Toujours est-il que cela prouve que l’intégration de start-up dans une plus grosse structure n’est pas chose facile. Yahoo! par exemple n’a toujours pas fini de « digérer » FlickR, Delicious ou MyblogLog.

Attendons donc de voir ce que Facebook va faire de FriendFeed et soyons attentif aux prochaines acquisitions…

15 commentaires sur “Les acquisitions ratées de Google

  1. je trouve, en ce qui concerne l’acquisition de Friendfeed par facebook, que la firme estudiantine a bien profité des apports des dissidents de Google. le fait d’utiliser le « @ » par exemple et de pouvoir « twitter » à partir de ces statuts .. des petites amélioration certes .. mais cela d’un échange en interne fructueux et libre. Le problème reste toutefois l’innovation … et je ne trouve pas que ces deux sociétés aient innové particulièrement ces dernières années, ce qui n’est pas le cas des acquisitions de Google.

  2. Autant je pense que Google n'a pas su faire évoluer ni intégrer feedburner à tord, autant je me demande parfois si ces rachats ne sont pas aussi un moyen de "tuer" dans l'oeuf des concurrents potentiels…

    1. @ Lobarap > Ha non je pense que tu dois confondre, Google Docs est fondé sur Writely. Jotspot était très certainement le produit avec le plus de potentiel et ils l'ont complètement bridé avec l'insipide Google Sites.

      /Fred

      1. Google Sites est un bon outil de première génération pour être utilisé de façon massive. Il ne rebute pas à l'utilisation et c'est ce dont ce type d'outil a besoin pour être adopté.

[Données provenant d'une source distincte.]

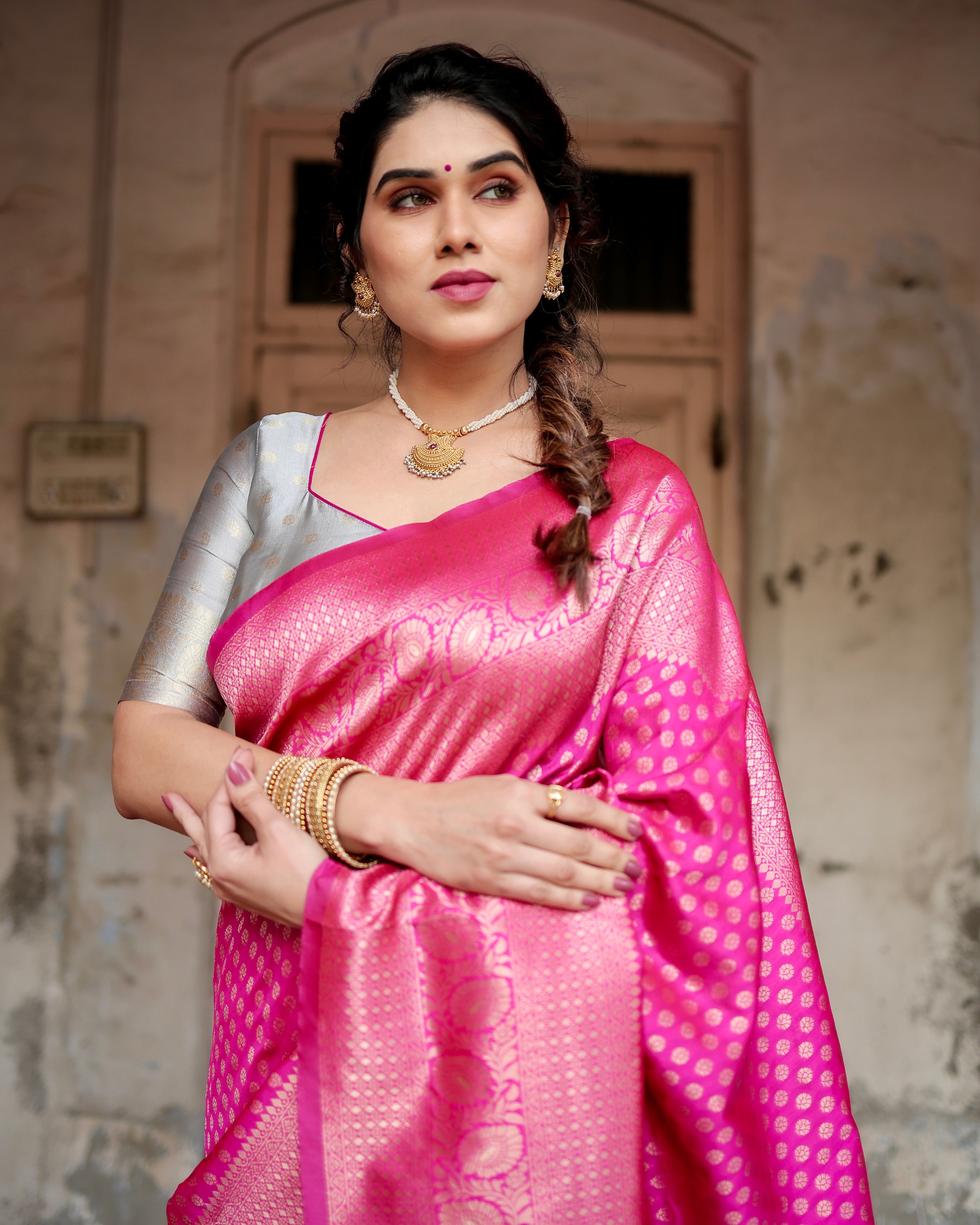 Banarasi Silk Pink Saree Weaved With Zari With Banarasi Brocade Blouse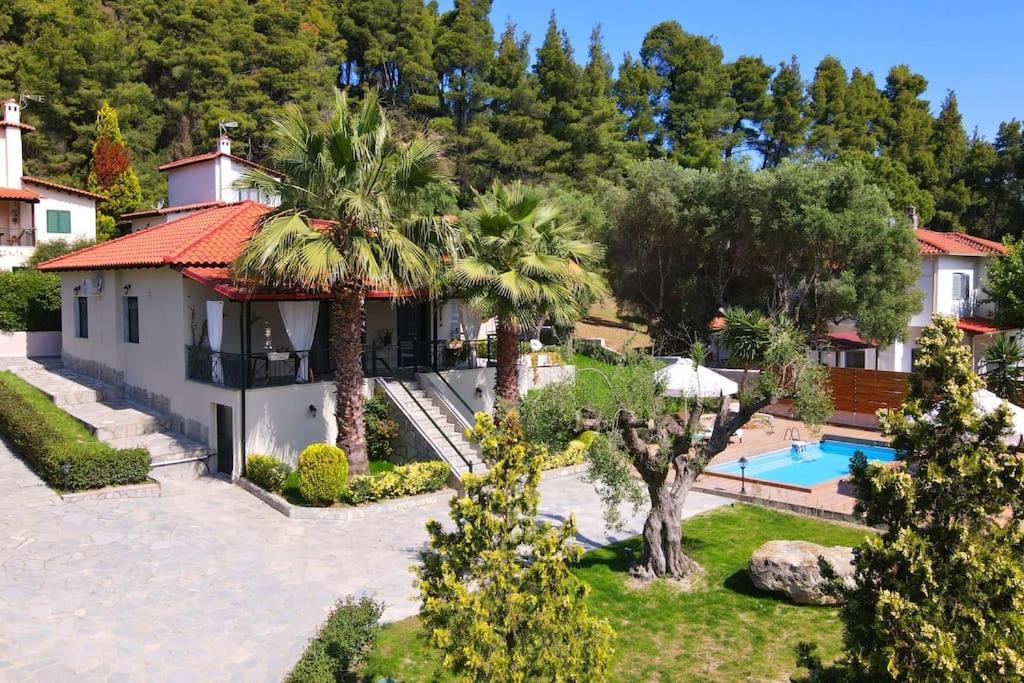 Yucca Private Pool Villa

  3. Devenu Google docs, oui, mais pour quel résultat ? L'innovation est réduite à peau de chagrin quand on compare avec ce dont Zoho ou Office Live sont maintenant capables. Pourtant, ce ne sont pas les moyens qui manquent… Il semble que les priorités du management soient à revoir (la taille des équipes sur des produits extrêmement populaires est souvent ridicule par rapport au nombre d'utilisateurs).

  4. "Yahoo! par exemple n’a toujours pas fini de “digérer” FlickR, Delicious ou MyblogLog."
    J'ai envie de dire tant mieux ! …

    S'il est souvent possible de combiner les technologies, il est parfois plus difficile de rassembler les communautés,.

  5. Il y aussi une autre raison, avancée récemment par leur PDG pour soutenir leur politique active d'acquisitions même par temps de crise : le recrutement de talents. L'équipe rachetée est en effet souvent tenue de rester deux ans au moins avant de pouvoir démissionner. C'est un très bon moyen de dynamiser les équipes déjà en place.

  6. Google Sites est effectivement très simpliste. J’ai le sentiment qu’il était destiné à compléter l’offre Google Apps pour les entreprises (par exemple construire des mini-sites pour des projets) que pour une killer-app grand public.